According to the American Bankers Association (ABA), which represents most large U.S. banks and credit card companies, the percentage of consumer loans at least 30 days late rose to a seasonally adjusted 3.22% in the October-to-December period from 2.29% in the prior quarter, according to Reuters.
The ABA said the fourth-quarter rate was the highest since it began tracking the data in 1974, with delinquencies rising in nearly every category. It said these credit trends are unlikely to improve before 2010.
“Job losses have really hurt the economy and will continue to inflict pain for several months,” James Chessen, the ABA’s chief economist, said in an interview. “The greater the losses are, the more severe an impact it has on all credit markets.”

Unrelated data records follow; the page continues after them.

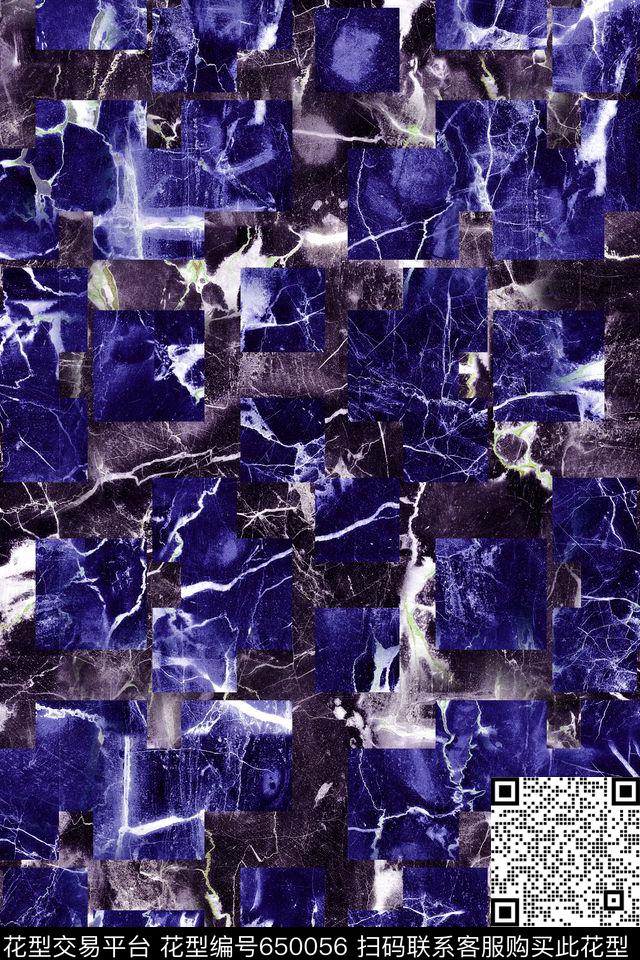 蓝色大理石深色大理石黑色大理石数码印花华亿平台下载（图片编号: 650056） - 瓦栏（Walan）
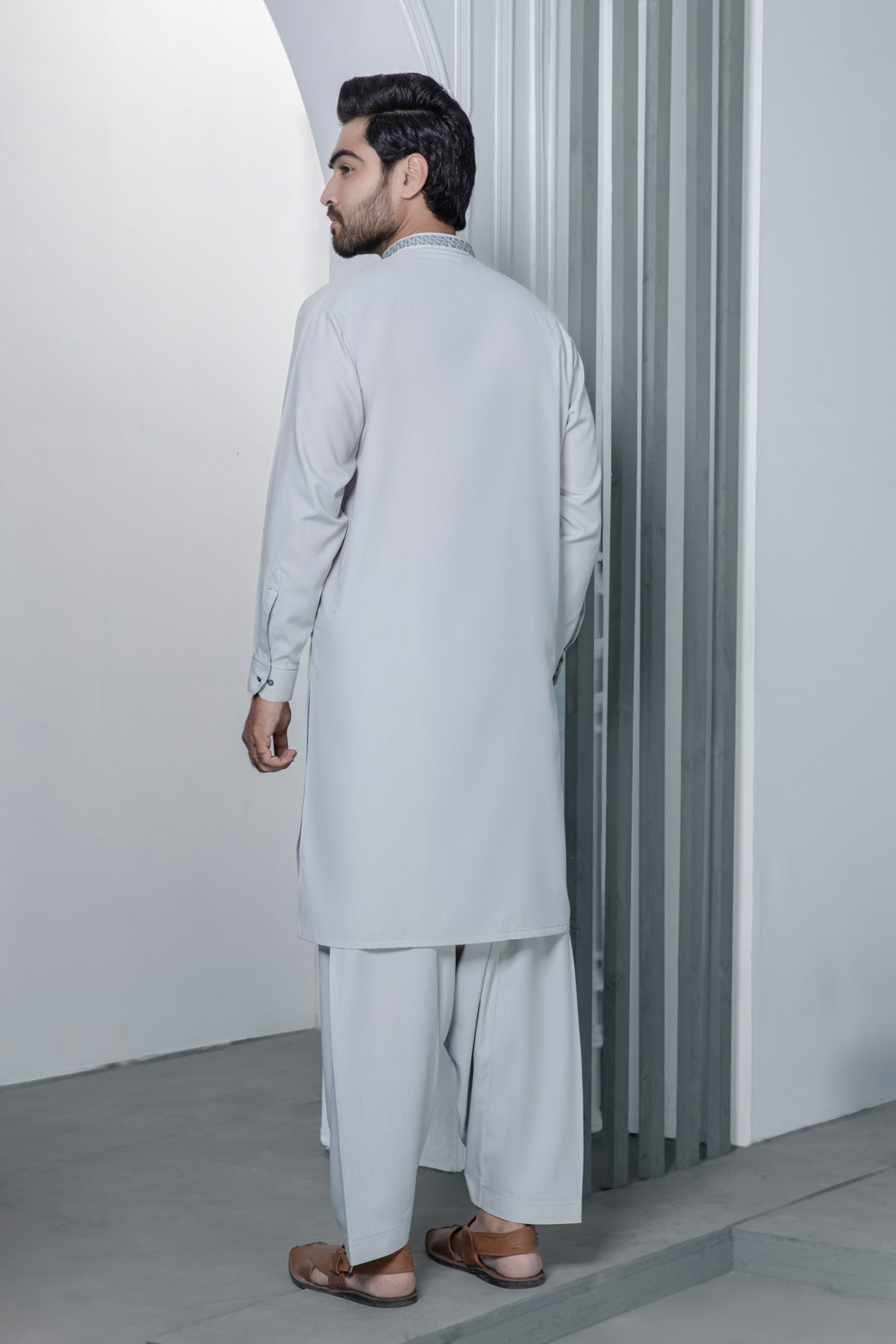 ASH-BLENDED-KURTA SHALWAR (KSRS22-058)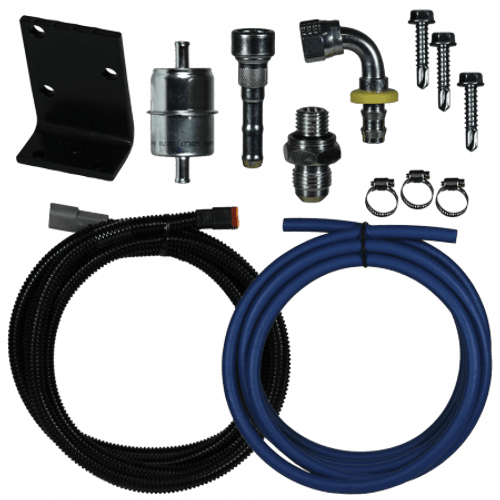FASS RK02 REPLACEMENT SYSTEM RELOCATION KIT FOR 1998.5-2002 DODGE RAM WITH 5.9L CUMMINS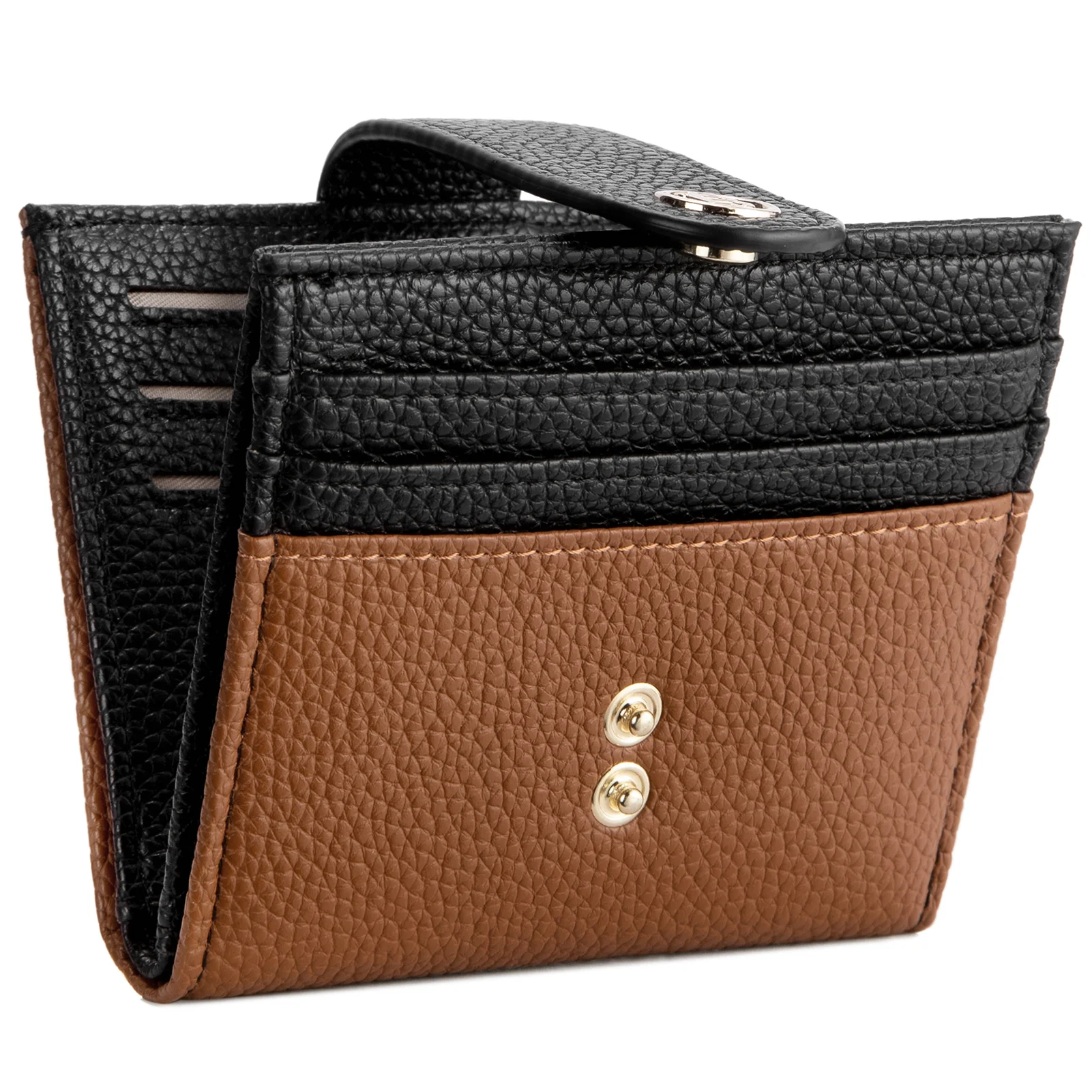 Lomy Slim Bifold Wallet – RFID Card Holder with Double Snap Closure - Image 8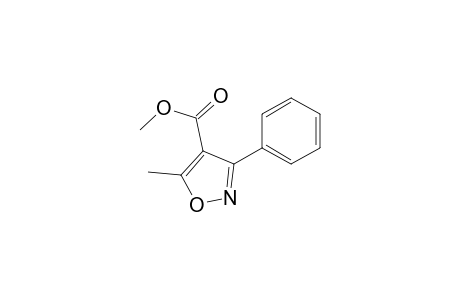 5-methyl-3-phenyl-4-isoxazolecarboxylic acid, methyl ester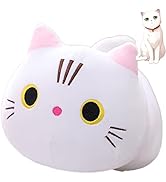 Handytoolinc Black Cat Pillow Plush Toy Soft Fat Cat Stuffed Animal Plush Pillow Home Decor Cute ...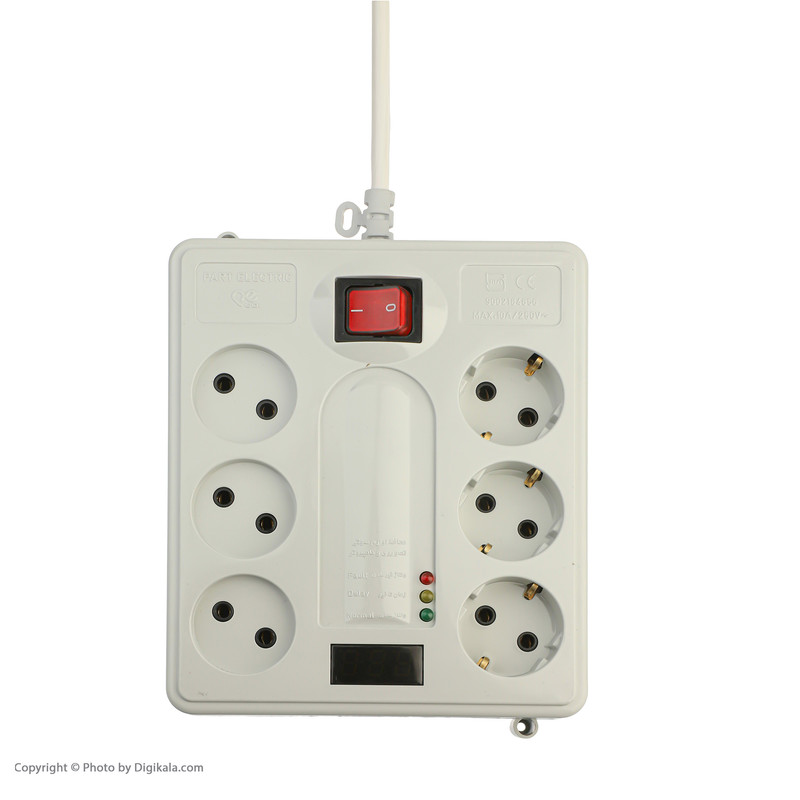 چندراهی برق و محافظ پارت الکتریک کد PE21604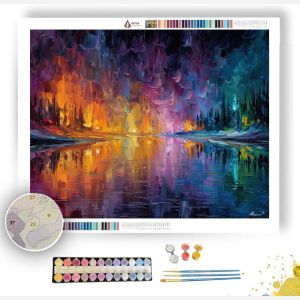 MELTED MIRROR - Paint by Numbers Full Kit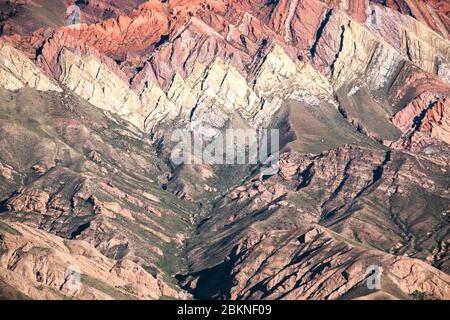 Serrania del Hornocal, Cerro de los 14 colores, Provincia di Salta, Jujuy, Argentina nord-occidentale Foto Stock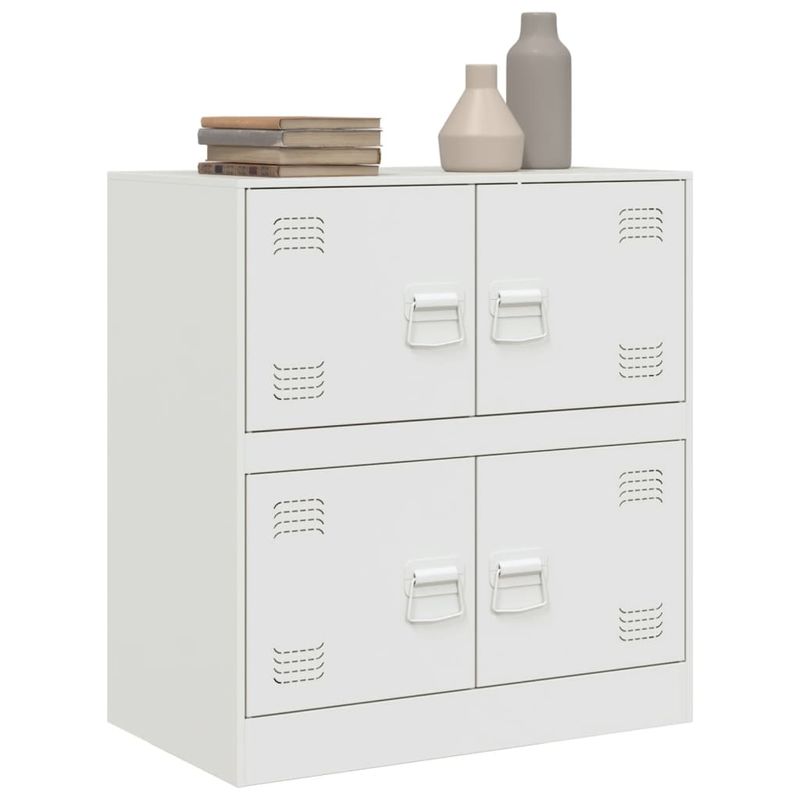 Casa si Gradina - Mobilier - Comode si corpuri - Comode - Servanta, alb, 67x39x73 cm, otel - Infinity.ro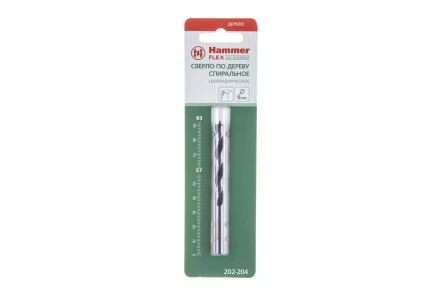 Сверло по дереву HAMMER Ф6х93мм (DR WD WR 6,0мм*93/57мм) купить в Муравленко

The ABA study covers direct auto, indirect auto, closed-end home equity, home improvement, marine, mobile home, personal and recreational vehicle loans. It excludes bank credit card and education loans.
“We’ve seen delinquency rates across the board in consumer loans go up, and continue to go up,” Bank of America Corp. CEO Kenneth Lewis said today on CNBC television. But he said “early” delinquencies, or payments missed shortly after loans are taken out, have begun to abate in a “smattering” of products at the largest U.S. bank.
According to the ABA, the late-payment rate on auto loans made through dealers rose to a record 3.53% in the fourth quarter from the third quarter’s 3.25%, while late payments on home equity lines of credit rose to a record 1.46% from 1.15%.
RV loan delinquency rates rose from 1.27% to 1.38% but remained the lowest among all the categories measured.
A report issued Wednesday by ADP Employer Services said U.S. private employers shed a record 742,000 jobs in March, pushing year-to-date losses above 2 million.
Economists polled by Reuters expect the Labor Department to say on Friday that the U.S. jobless rate rose to 8.5% in March, a level not seen since 1983, from February’s 8.1%.